The following output will automatically appear:
Step 3: Interpret the output.
Here is how to interpret the most relevant numbers in the output:
R Square: 0.734. This is known as the coefficient of determination. It is the proportion of the variance in the response variable that can be explained by the explanatory variables. In this example, 73.4% of the variation in the exam scores can be explained by the number of hours studied and the number of prep exams taken.
Standard error: 5.366. This is the average distance that the observed values fall from the regression line. In this example, the observed values fall an average of 5.366 units from the regression line.
F: 23.46. This is the overall F statistic for the regression model, calculated as regression MS / residual MS.
Significance F: 0.0000. This is the p-value associated with the overall F statistic.

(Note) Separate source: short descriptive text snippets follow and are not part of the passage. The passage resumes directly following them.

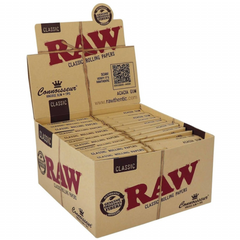 RAW Connoisseur Classic King-Size Slim Rolling Papers + Tips single pack – 32 leaves and 32 tips
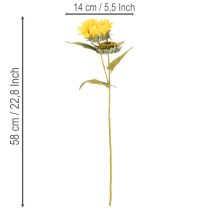 Artikel Konstgjord solros med realistiska blad och blommor, 58 cm, 3 stycken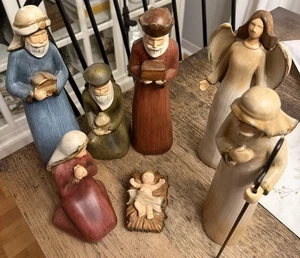 Christmas Resin Nativity - 7 Pc Set  - Baby Jesus tii collections- vintage - Picture 1 of 7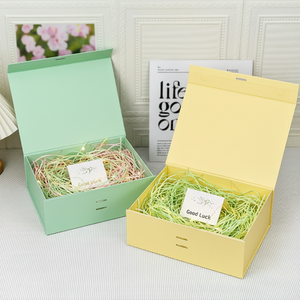 Custom Logo Magnetic Flip Rigid Gift Box Foldable Paperboard Box with Ribbon and Matte Lamination - Product Image 3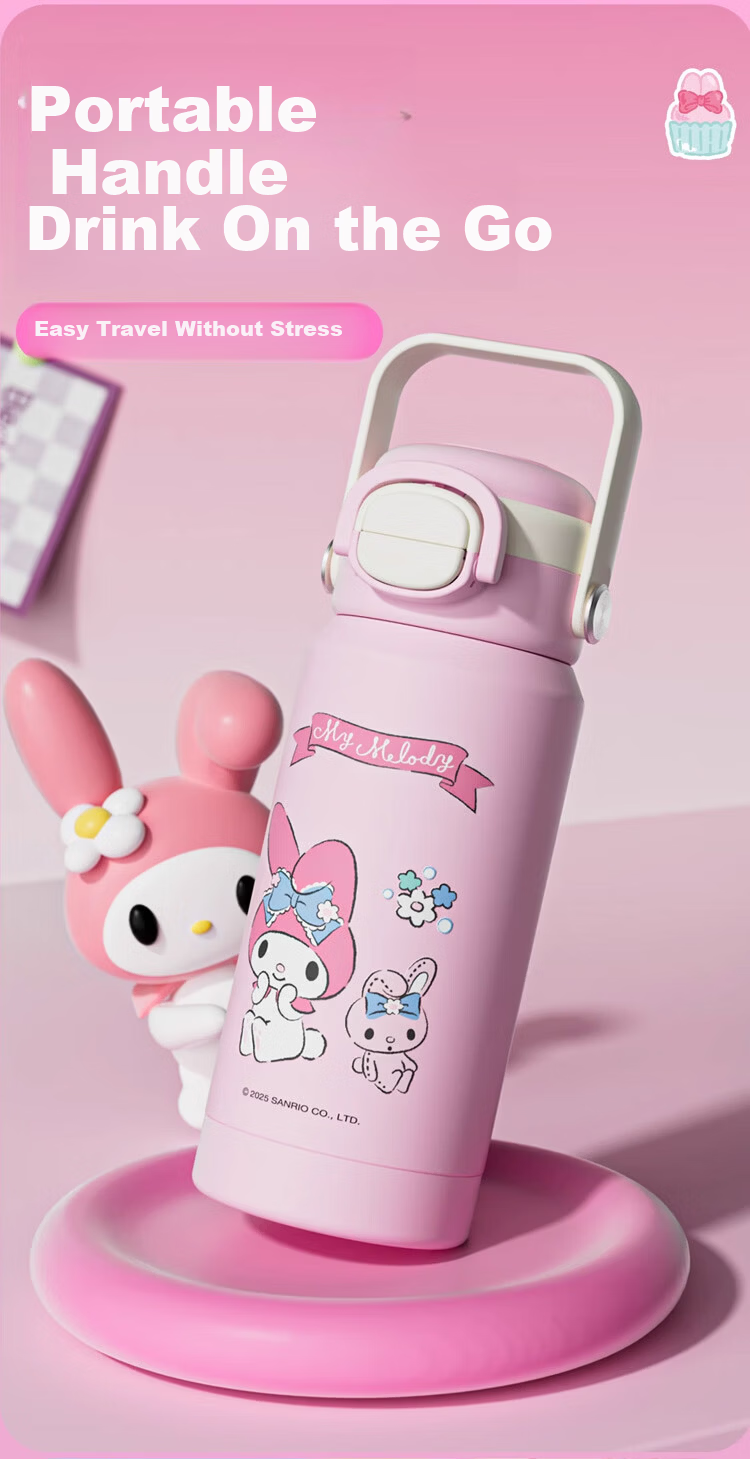 BEDDYBEAR Children's Double Drinking Insulated Bottle Portable Straw Water Cup Student School Carrying Water Bottle 510ml Duoduo Kuromi 8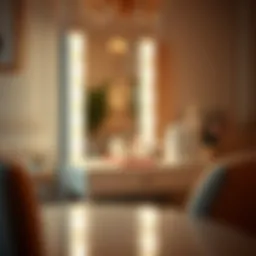 Elegant makeup desk featuring a chic light-up mirror in a luxurious setting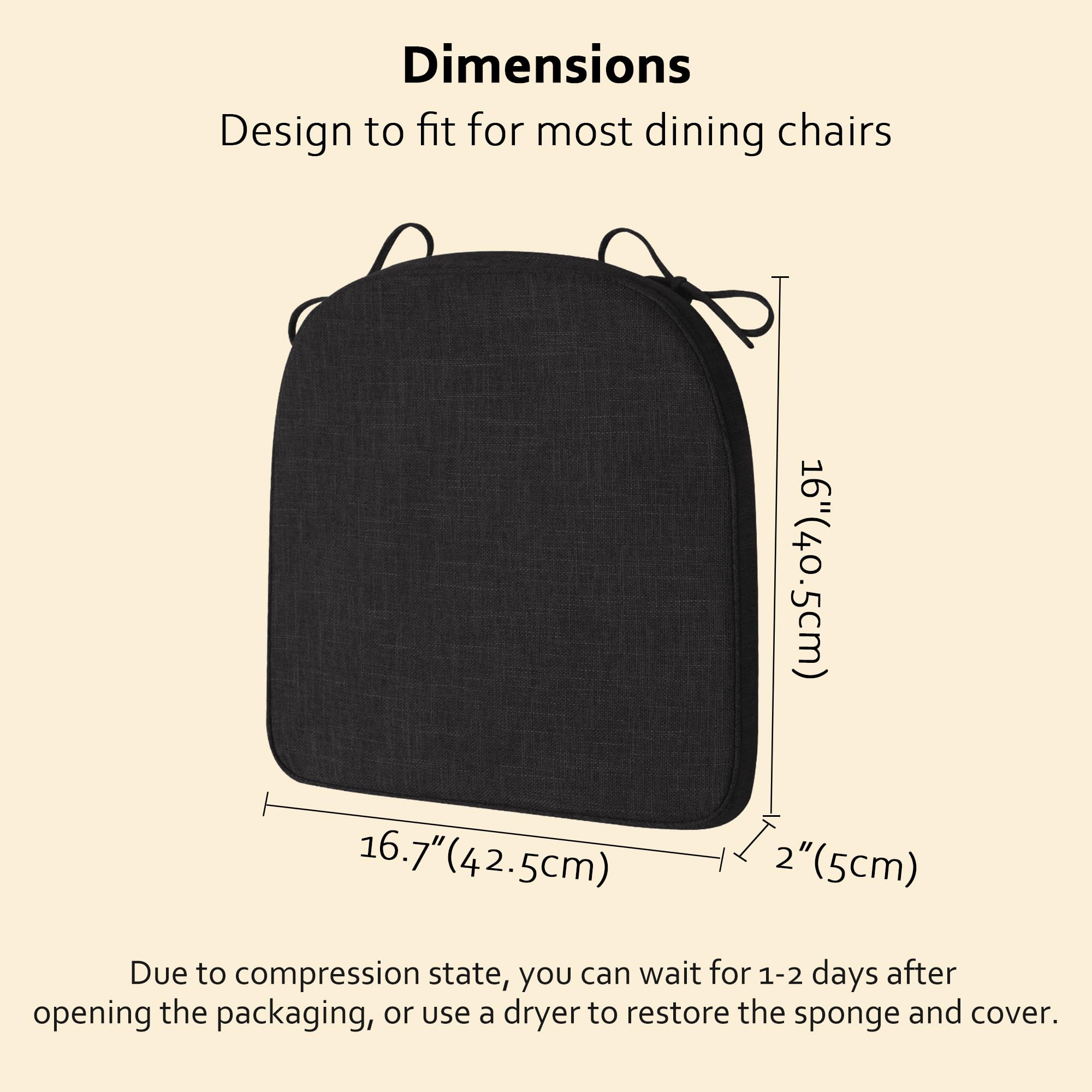 ELFJOY Chair Cushions for Dining Chairs Non-Slip Kitchen Chair Cushions Set of 6 Seat Cushion with Ties for Indoor Kitchen Dining Office Black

It tells us whether or not the regression model as a whole is statistically significant. In other words, it tells us if the two explanatory variables combined have a statistically significant association with the response variable. In this case the p-value is less than 0.05, which indicates that the explanatory variables hours studied and prep exams taken combined have a statistically significant association with exam score.
P-values. The individual p-values tell us whether or not each explanatory variable is statistically significant. We can see that hours studied is statistically significant (p = 0.00) while prep exams taken (p = 0.52) is not statistically signifciant at α = 0.05. Since prep exams taken is not statistically significant, we may end up deciding to remove it from the model.
Coefficients: The coefficients for each explanatory variable tell us the average expected change in the response variable, assuming the other explanatory variable remains constant. For example, for each additional hour spent studying, the average exam score is expected to increase by 5.56, assuming that prep exams taken remains constant.
Here’s another way to think about this: If student A and student B both take the same amount of prep exams but student A studies for one hour more, then student A is expected to earn a score that is 5.56 points higher than student B.
We interpret the coefficient for the intercept to mean that the expected exam score for a student who studies zero hours and takes zero prep exams is 67.67.
Estimated regression equation: We can use the coefficients from the output of the model to create the following estimated regression equation:
exam score = 67.67 + 5.56*(hours) – 0.60*(prep exams)
We can use this estimated regression equation to calculate the expected exam score for a student, based on the number of hours they study and the number of prep exams they take. For example, a student who studies for three hours and takes one prep exam is expected to receive a score of 83.75:
exam score = 67.67 + 5.56*(3) – 0.60*(1) = 83.75
Keep in mind that because prep exams taken was not statistically significant (p = 0.52), we may decide to remove it because it doesn’t add any improvement to the overall model. In this case, we could perform simple linear regression using only hours studied as the explanatory variable.
The results of this simple linear regression analysis can be found here.
Once you perform multiple linear regression, there are several assumptions you may want to check including:
1. Testing for multicollinearity using VIF.
2. Testing for heterodscedasticity using a Breusch-Pagan test.